Problem description: Give again, word for word, the lines below that run from the line with "-高伟炒鸡总店(金源路店)" through the line with "Homme | Pantalons". Drop the pictures.

Material provided:
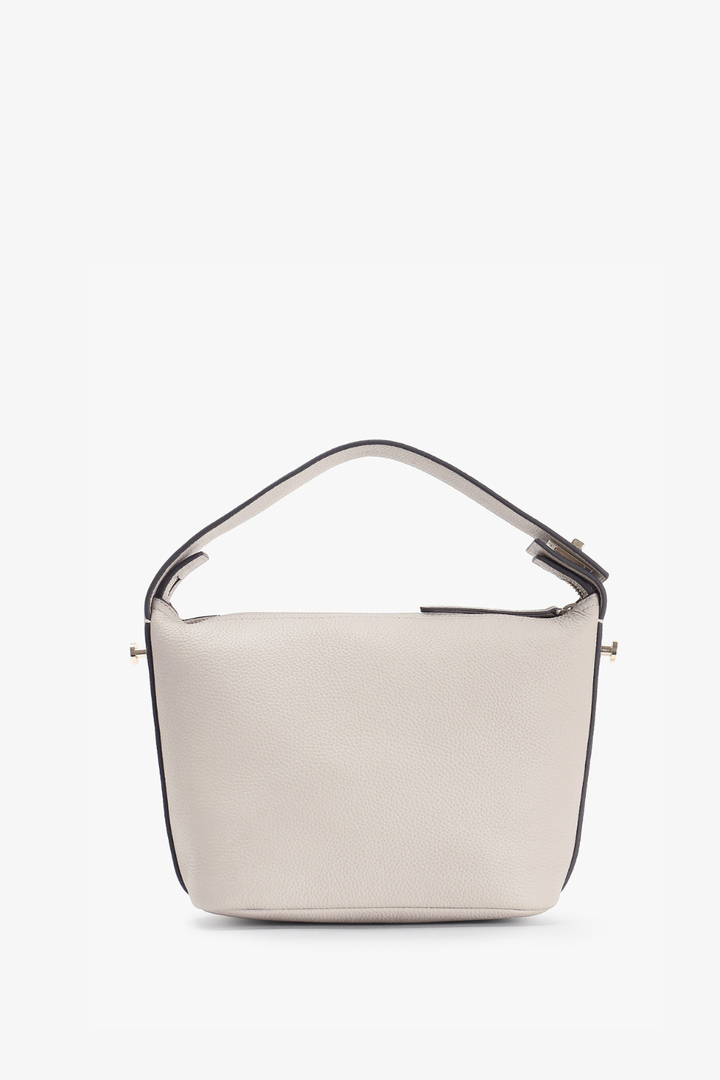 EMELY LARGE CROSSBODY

...

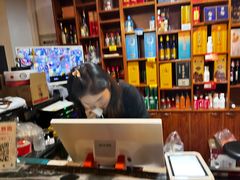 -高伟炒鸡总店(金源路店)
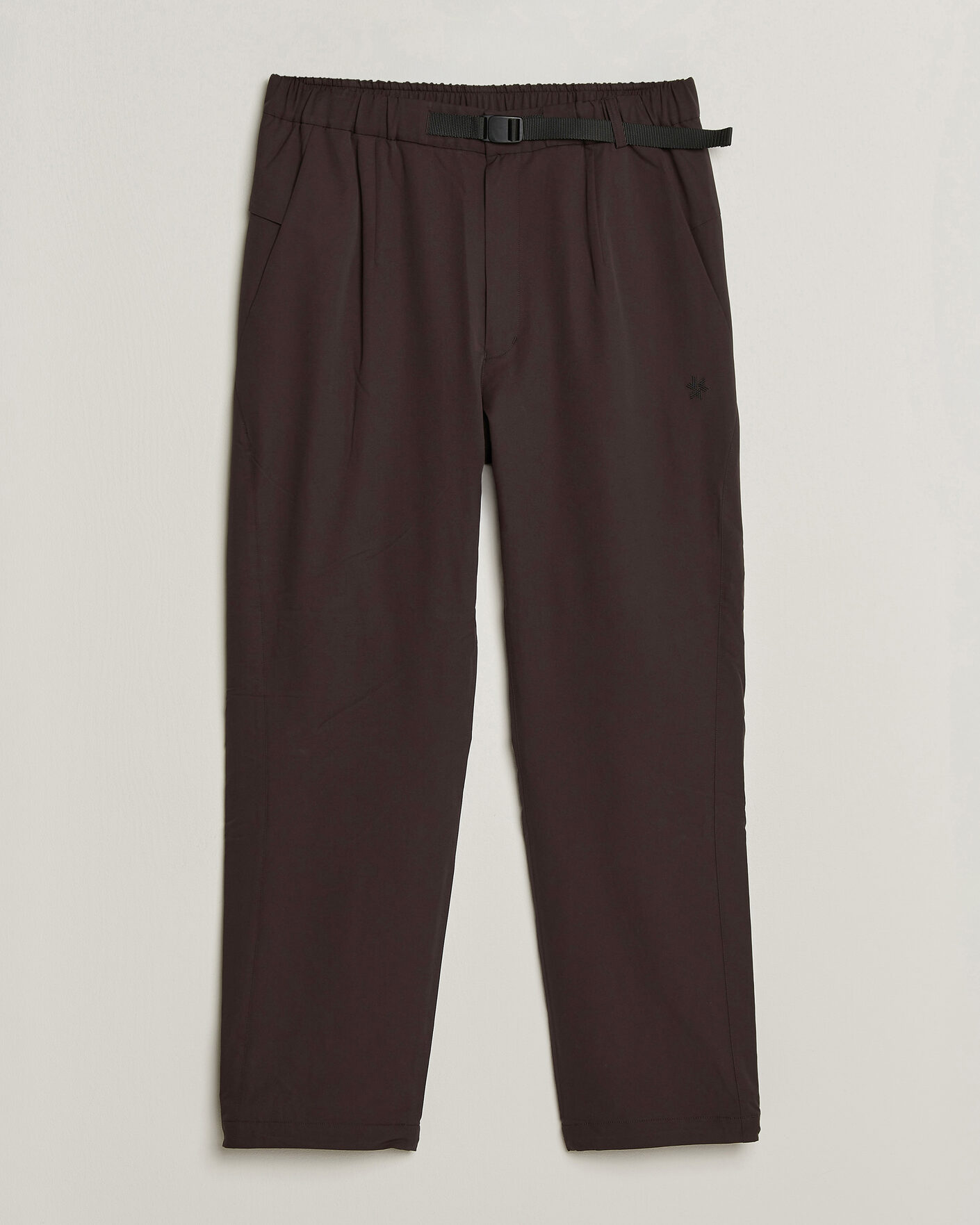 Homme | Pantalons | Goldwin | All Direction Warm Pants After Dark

Your response:
 -高伟炒鸡总店(金源路店)
 Homme | Pantalons | Goldwin | All Direction Warm Pants After Dark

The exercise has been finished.